Program Notes: March 4, 2007
Maya Beckons; I Shall Embrace Her (world premiere)
Andrew Cole (born Auburn, NY, 1980)
Composer’s Note
Maya Beckons; I Shall Embrace Her is a reflective and deeply personal piece. The title is an imaginative translation from a line in the Hindi movie Utsav. To some, the world we see around us is nothing but Maya — Sanskrit for illusion. Wise men tell us that to achieve enlightenment we must detach ourselves from the material world, which gives us many pleasures but can also cause us great misery. While I can see the truth in this belief, I feel that it is a de-emphasis upon life. Having recently gotten married, I cannot imagine giving up the many joys of companionship in order to avoid suffering, regardless of the depth of the misery. I recognize that suffering is a part of existence, and willfully accept it. This piece is about deliberately choosing to embrace Maya and rejoicing in the beautiful illusion of life, come what may.

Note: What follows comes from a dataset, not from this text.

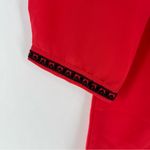 ELXSI Coral Chiffon Embroidered Button Front Top Split Neck Mandarin Collar Pink Size XL Photo 3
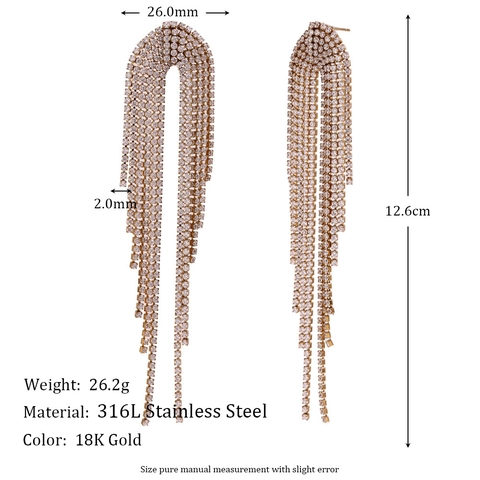 Long Tassel Earrings 316L Stainless Steel 18K Gold Plated Arched Wavy Fringe Zircon Exaggerated For Women Party Dinner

The commission of Mr. Cole’s piece was a collaboration with the Johns Hopkins University Digital Media Center, Joan Freedman, Director. Mr. Cole thanks Joan Freedman and the Digital Media Center staff, as well as Anthony Villa and his colleagues in the Music Program at Loyola College, for their support of this work.
Piano Concerto in G Major
(Joseph) Maurice Ravel
(born Cibourne, Basses-Pyrénées, 1875; died Paris, 1937)
Though Maurice Ravel is considered one of France’s foremost Impressionist composers, classifications can be slippery. His distinctive Piano Concerto in G Major, completed in 1931, defies this classification as much as it reflects Ravel’s many interests and his uniqueness as a composer.
From his Swiss engineer father, young Ravel inherited a fascination with machines; in his 50’s, he imagined composing a work to be played entirely by factory machines, and in his late years he spent many hours building fantastic little mechanical toys for his two “honorary” godchildren. An even stronger influence was born of his Basque mother, who fostered in Ravel a lifelong love of Spanish music, inspiring such works as the Rhapsodie Espagnole and Bolero. Ravel was as enamored of old music as new: Styles from Bach through the “new” American jazz permeate his 1925 opera L’Enfant et les sortileges (The Child and the Magic Spells), a wonderful morality tale of a rude child who one day finds that the toys he has abused have come to life to teach him a lesson. We can hear most all of these influences in the Piano Concerto in G Major. But where one might expect a hodge-podge of styles, Ravel’s distinctive genius unifies them into a wonderfully imaginative, eclectic, and delightful work.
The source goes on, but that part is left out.